Coping with the death of a family pet
This article contains: health petplan advice

It can be difficult to come to terms with the loss of a pet. We grow close to our pets, sharing a special bond with them – they are not just a cat or a dog, but a valued and much loved member of the family.

It’s important to grieve for your pet and approach this difficult period in a way that gives you the best chance to come to terms with your loss.

Petplan looks at some of the tried and trusted ways to ensure you are able to deal with this difficult time…

Everyone grieves differently

It’s important to remember that everyone grieves in their own way and in their own time. Some people will gradually come to terms with their loss on their own in a few weeks or months, but for others it can be a longer and more difficult process, so be patient.

A mixture of emotions is understandable and it is perfectly normal to feel sad, lonely or even frightened. It’s always best to show these emotions and avoid trying to ignore or hide them, keeping them bottled can make it harder in the long run.

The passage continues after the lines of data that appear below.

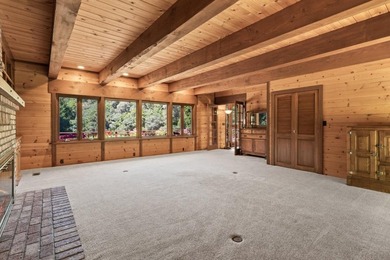 2800 Lockhart Gulch offers a rare opportunity to own an - photo 13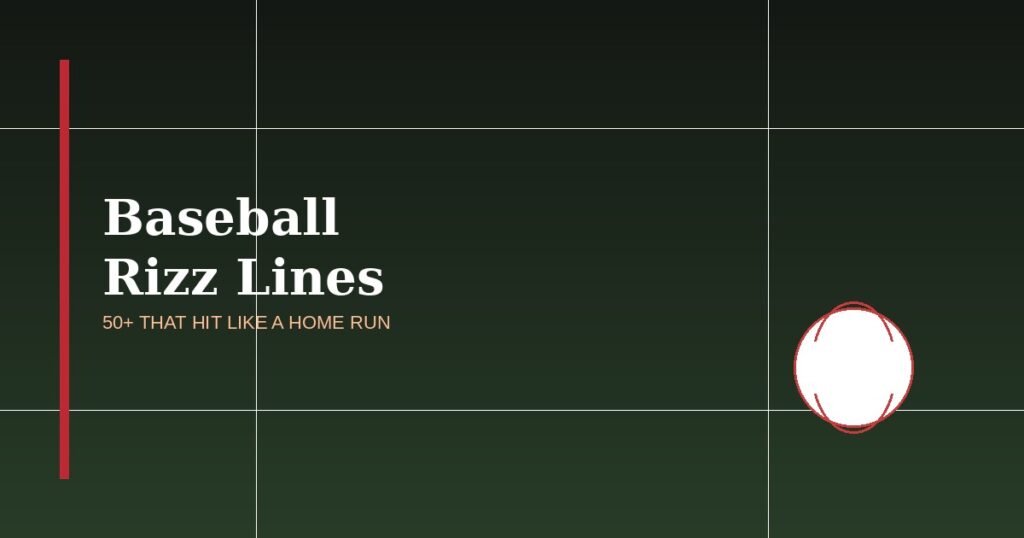 baseball-cover-5-editorial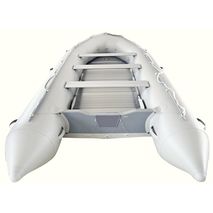 Saturn Inflatable Boat SD470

Here are some suggestions on how to process grief:

  • Don’t let others control your emotions. Your grief is your own and you can express it in a way which
    helps you. It’s also ok to feel moments of joy during this time and you will move on fully when you are ready.
  • Reach out to others who can help. Speak to friends or relatives who have experienced losing a pet, or try using a support group. Professional help is also available from bereavement councillors.
  • Hold a funeral or memorial service. This can help provide a time to bring the family together to grieve, express feelings and bring closure.
  • Create a memorial. Putting together a photo album or having a drawing created to keep their memory alive in your home can help you to always remember them whilst moving on.
  • Look after yourself and try to maintain your normal routine as much as possible. Grief can be draining, but it can sometimes be worse to stop your routine as it will be harder to get back into the swing of things when you start to feel better. It also gives you a welcome distraction and help you concentrate on other areas of your life.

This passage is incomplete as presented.